Deine Objektivbestückung find ich so schlecht nicht, für die Tierfotografie würde sich sicherlich entweder eine höhere Brennweite und/oder höhere Lichtstärke lohnen.. Vielleicht wäre die Kombination 70-200 f/2.8 und Telekonverter x2 (Kenko?) eine Wahl. Es gibt noch das EF 100-400, das ich für eine sehr gescheite Linse halte. 

In Sachen Portrait- und Nachtfotografie (welcher Art, street?..) wird eine Festbrennweite Spaß machen, denk ich. zB 50 1.8 oder 85 1.8. Davon gibt es auch die Sahnestücke 50 1.2 oder 85 1.2, wobei mir 85mm zu nah an der 100mm-Linse wären..

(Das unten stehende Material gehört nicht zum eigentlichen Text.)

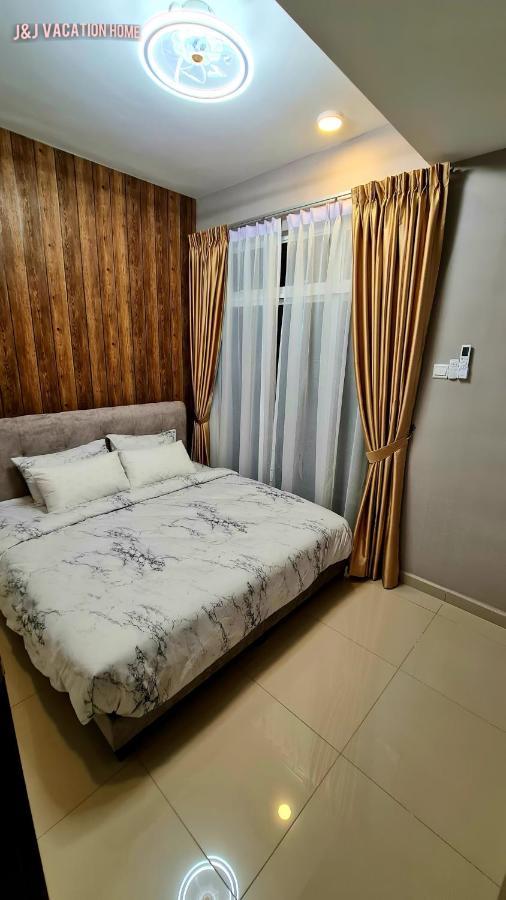 J&J Vacation Home@Novo8 Residence Kampong Tambak エクステリア 写真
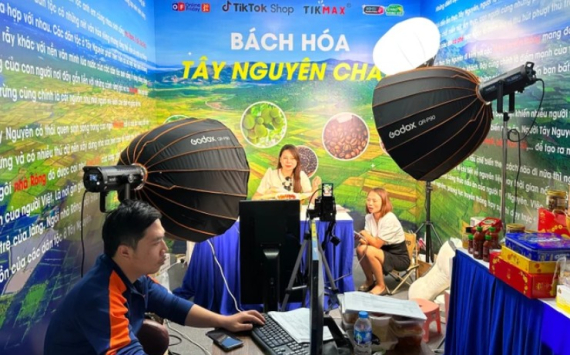 Xây dựng dự thảo Luật Thương mại điện tử, trình Quốc hội tại kỳ họp cuối năm
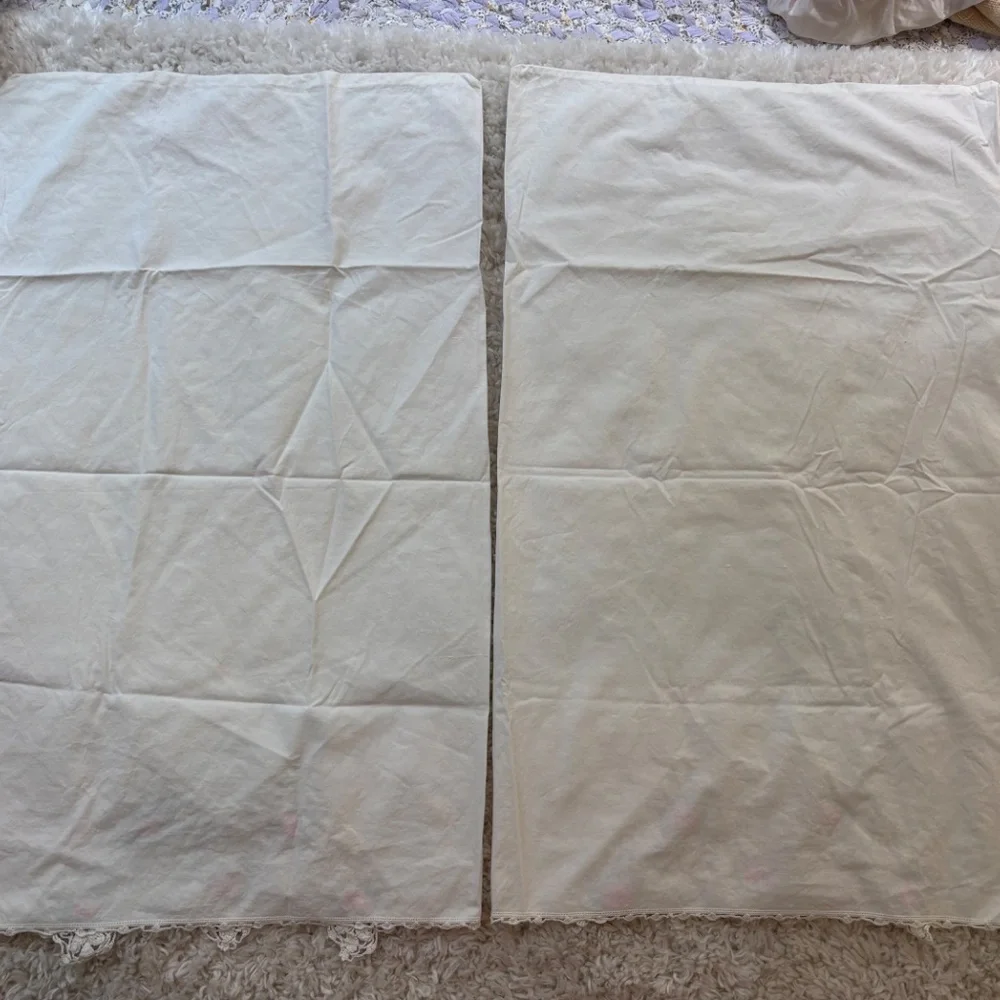 Vintage Floral Pillowcases/Sham Flowers Crochet Edge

Gibt es denn irgendwo im Netz Bilder von Dir zu sehen, wo man vielleicht erahnen kann, in welcher Richtung Du Dich bewegst?

mfg chmee


----------



## Nick24 (13. März 2011)

Vielen Dank für Deine Aw

Was hältst Du davon:
Canon EF 100-400mm f/4.5-5.6L IS USM + Canon Extender EF 2x III.?

Grüße
Nick24


----------



## Martin Schaefer (13. März 2011)

Nick24 hat gesagt.:


> Was hältst Du davon:
> Canon EF 100-400mm f/4.5-5.6L IS USM + Canon Extender EF 2x III.?


 
Diese Kombination entspricht dann einem Objektiv mit Anfangsblende 9 - 11,
da wirds auch an strahlend hellen Tagen schon ordentlich duster im Sucher.

Gruß
Martin


----------



## Nick24 (13. März 2011)

Auch meinen Dank.

Erst meintest Du ... .

Ich warte mal was Chmee meint.

Grüße
Nick24


----------



## Martin Schaefer (13. März 2011)

Hier siehst du einen Artikel, den ich geschrieben habe, mit ein paar Bildern die das Sucherbild bei bestimmten Blenden simulieren. Kannst du locker auch selbst ausprobieren mit der Abblendtaste.
Mal mit Blende 4.5 und 5.6 (und Abblendtaste) durchschauen und dann nochmal mit Blende 9 und 11
(und Abblendtaste) durchschauen. Der Unterschied dürfte deutlich werden.
http://www.tutorials.de/content/672-schaerfentiefe-und-abblendtaste.html

Ein 2x Extender klaut nunmal 2 Blenden, da beißt die Maus keinen Faden ab.
Und wenn das Objektiv selbst schon nicht besonders lichtstark ist, dann tun 2 Blenden schon weh.

Gruß
Martin


----------



## chmee (13. März 2011)

Martin hat völlig recht, ein Konverter 2x verringert die Lichtstärke um 2 Blenden - in der Regel hört der AF der Canon-Kameras bei ~f/8 auf zu arbeiten. Es ist nicht nur schrecklich dunkel, der Autofokus quittiert seinen Dienst. Zudem ist ein Telekonverter natürlich auch mit Qualitätsverlust verbunden.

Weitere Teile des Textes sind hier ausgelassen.